#### [DIRECTIONS FOR THIS TASK]
At the line that holds "vs. Montibello Dos", start repeating, and keep going exactly through the final line of the material; include both ends and skip the pictures.

- - - - - - -

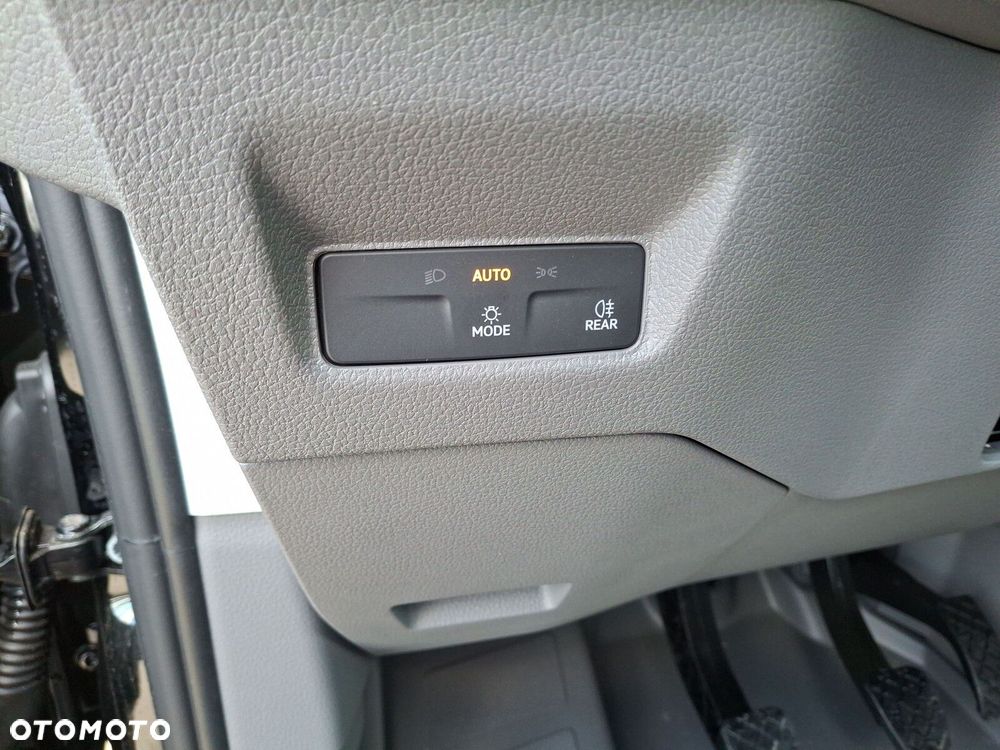 Volkswagen Crafter Furgon 4490 - 23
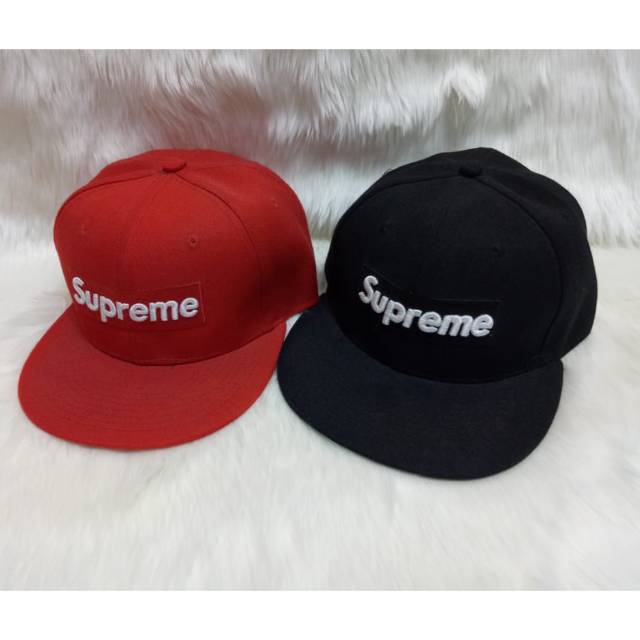 Topi supreme import
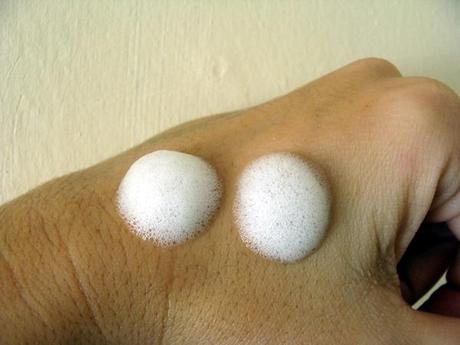 Dos espumas limpiadoras frente a frente: Caudalie vs. Montibello Dos espumas limpiadoras frente a frente: Caudalie vs. Montibello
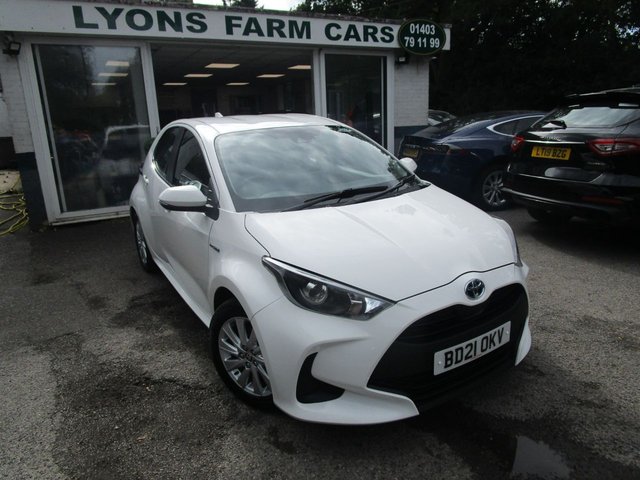 2021 21 Toyota Yaris 1.5 ICON FHEV 5d 114 BHP FULLY HYBRID SELF-CHARGING AUTOMATIC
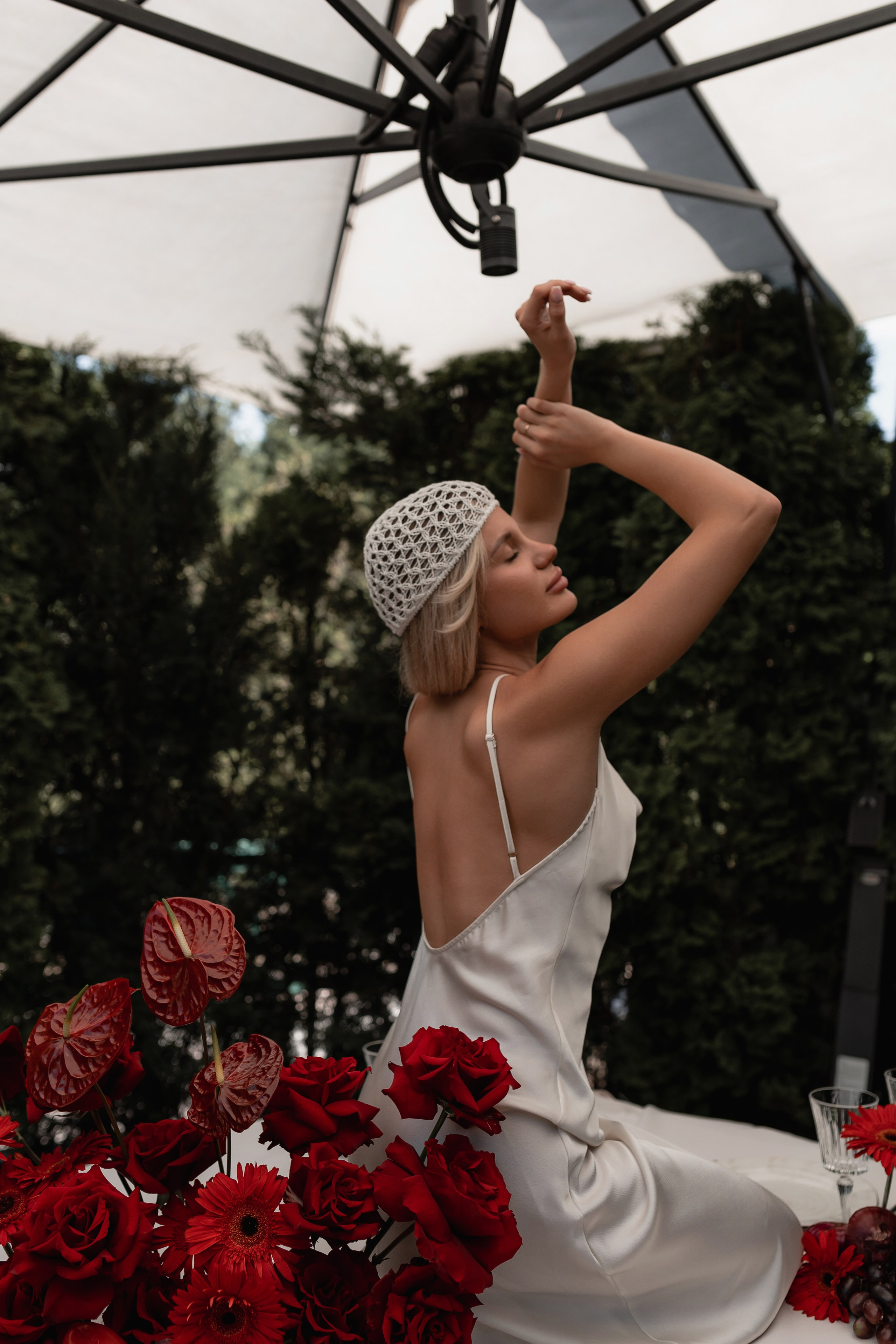 Фотодень с красным декором. Фотограф Трифон Мира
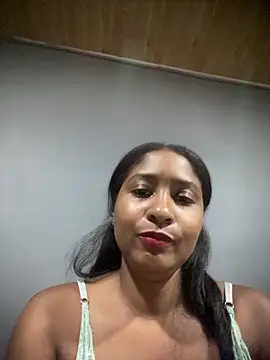 Berry_Bans' Live XXX Chat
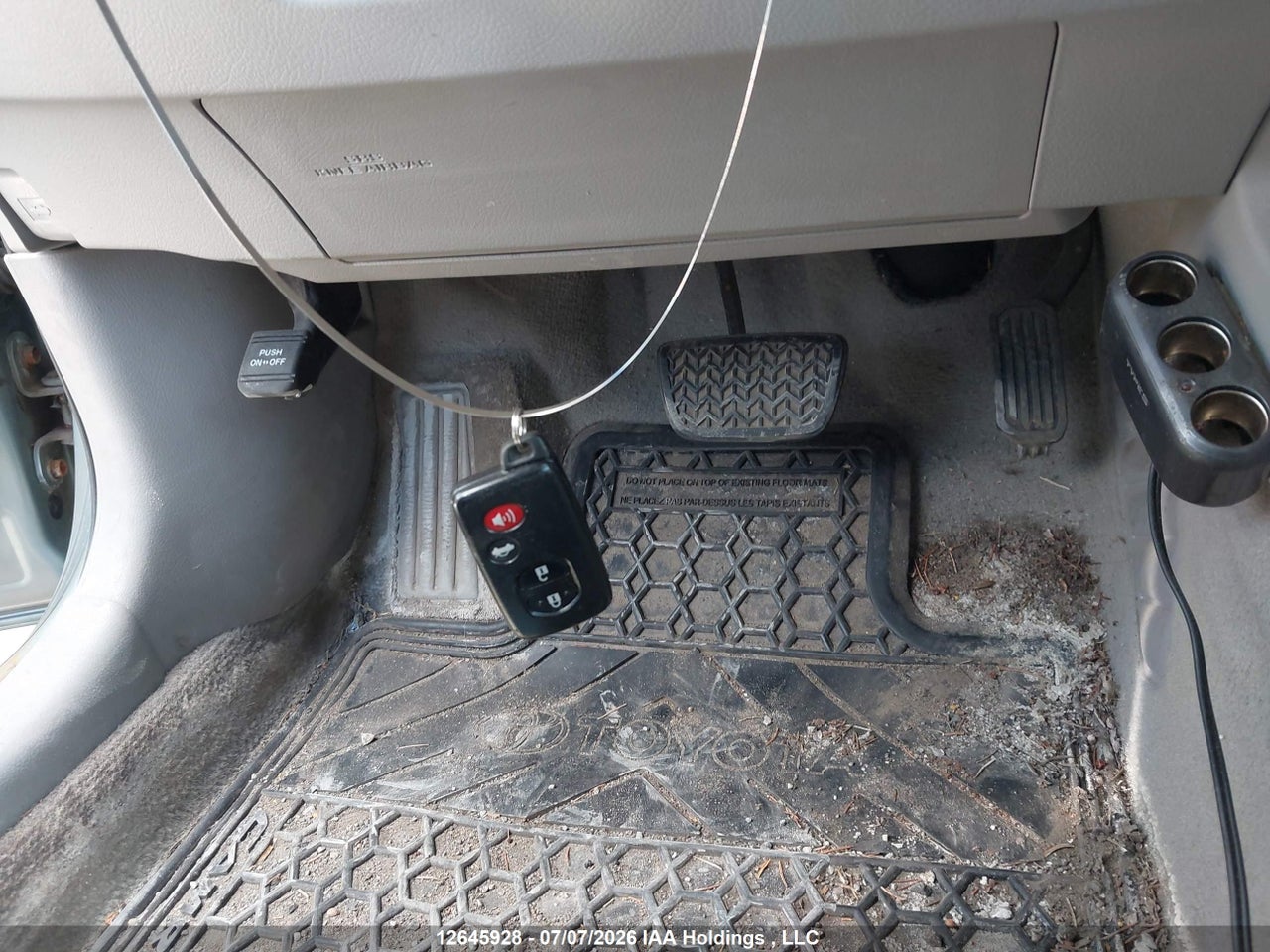 2011 TOYOTA CAMRY HYBRID thumbnail 11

- - - - - - -

#### [RESULT]
 Dos espumas limpiadoras frente a frente: Caudalie vs. Montibello Dos espumas limpiadoras frente a frente: Caudalie vs. Montibello
 2021 21 Toyota Yaris 1.5 ICON FHEV 5d 114 BHP FULLY HYBRID SELF-CHARGING AUTOMATIC
 Фотодень с красным декором. Фотограф Трифон Мира
 Berry_Bans' Live XXX Chat
 2011 TOYOTA CAMRY HYBRID thumbnail 11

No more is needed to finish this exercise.